__EXERCISE REQUIREMENTS__
All that is wanted is a word-for-word copy of the data from its first line to the line containing "Scrunchems Squeezy Skull of Horrors", both included.

======== DATA FOR THIS TASK ========

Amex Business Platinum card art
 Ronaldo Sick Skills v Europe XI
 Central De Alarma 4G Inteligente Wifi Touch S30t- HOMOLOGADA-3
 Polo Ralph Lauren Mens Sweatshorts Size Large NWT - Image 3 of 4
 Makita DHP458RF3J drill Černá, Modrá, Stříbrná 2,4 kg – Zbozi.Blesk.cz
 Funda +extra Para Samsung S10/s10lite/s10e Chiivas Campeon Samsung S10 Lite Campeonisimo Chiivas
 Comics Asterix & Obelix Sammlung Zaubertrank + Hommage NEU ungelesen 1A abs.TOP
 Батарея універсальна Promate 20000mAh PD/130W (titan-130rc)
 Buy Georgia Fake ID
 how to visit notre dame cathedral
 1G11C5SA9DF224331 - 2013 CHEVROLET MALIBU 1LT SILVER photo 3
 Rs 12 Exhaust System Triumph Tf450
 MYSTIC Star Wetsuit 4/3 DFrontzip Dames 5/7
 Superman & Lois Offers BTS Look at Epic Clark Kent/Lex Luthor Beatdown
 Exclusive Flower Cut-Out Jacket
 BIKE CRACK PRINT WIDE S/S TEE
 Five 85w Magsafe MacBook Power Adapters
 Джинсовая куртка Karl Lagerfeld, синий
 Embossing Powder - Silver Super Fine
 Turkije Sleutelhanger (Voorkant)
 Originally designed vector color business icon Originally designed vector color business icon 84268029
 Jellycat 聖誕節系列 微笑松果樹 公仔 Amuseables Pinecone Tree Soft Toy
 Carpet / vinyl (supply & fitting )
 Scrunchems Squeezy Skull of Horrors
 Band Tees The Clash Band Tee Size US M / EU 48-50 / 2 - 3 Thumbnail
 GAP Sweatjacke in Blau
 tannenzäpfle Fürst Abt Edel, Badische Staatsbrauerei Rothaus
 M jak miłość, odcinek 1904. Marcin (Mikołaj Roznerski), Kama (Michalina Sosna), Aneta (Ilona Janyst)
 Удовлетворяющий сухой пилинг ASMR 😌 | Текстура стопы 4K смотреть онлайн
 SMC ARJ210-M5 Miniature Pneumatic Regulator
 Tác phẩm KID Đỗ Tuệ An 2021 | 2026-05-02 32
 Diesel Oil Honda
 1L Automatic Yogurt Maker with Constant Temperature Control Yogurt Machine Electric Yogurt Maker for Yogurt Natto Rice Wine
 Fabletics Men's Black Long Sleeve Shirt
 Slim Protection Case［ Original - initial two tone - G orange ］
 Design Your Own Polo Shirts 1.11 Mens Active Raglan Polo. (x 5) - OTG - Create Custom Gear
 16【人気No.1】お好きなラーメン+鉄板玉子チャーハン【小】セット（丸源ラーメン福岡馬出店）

========

__ANSWER TO THE EXERCISE__
Amex Business Platinum card art
 Ronaldo Sick Skills v Europe XI
 Central De Alarma 4G Inteligente Wifi Touch S30t- HOMOLOGADA-3
 Polo Ralph Lauren Mens Sweatshorts Size Large NWT - Image 3 of 4
 Makita DHP458RF3J drill Černá, Modrá, Stříbrná 2,4 kg – Zbozi.Blesk.cz
 Funda +extra Para Samsung S10/s10lite/s10e Chiivas Campeon Samsung S10 Lite Campeonisimo Chiivas
 Comics Asterix & Obelix Sammlung Zaubertrank + Hommage NEU ungelesen 1A abs.TOP
 Батарея універсальна Promate 20000mAh PD/130W (titan-130rc)
 Buy Georgia Fake ID
 how to visit notre dame cathedral
 1G11C5SA9DF224331 - 2013 CHEVROLET MALIBU 1LT SILVER photo 3
 Rs 12 Exhaust System Triumph Tf450
 MYSTIC Star Wetsuit 4/3 DFrontzip Dames 5/7
 Superman & Lois Offers BTS Look at Epic Clark Kent/Lex Luthor Beatdown
 Exclusive Flower Cut-Out Jacket
 BIKE CRACK PRINT WIDE S/S TEE
 Five 85w Magsafe MacBook Power Adapters
 Джинсовая куртка Karl Lagerfeld, синий
 Embossing Powder - Silver Super Fine
 Turkije Sleutelhanger (Voorkant)
 Originally designed vector color business icon Originally designed vector color business icon 84268029
 Jellycat 聖誕節系列 微笑松果樹 公仔 Amuseables Pinecone Tree Soft Toy
 Carpet / vinyl (supply & fitting )
 Scrunchems Squeezy Skull of Horrors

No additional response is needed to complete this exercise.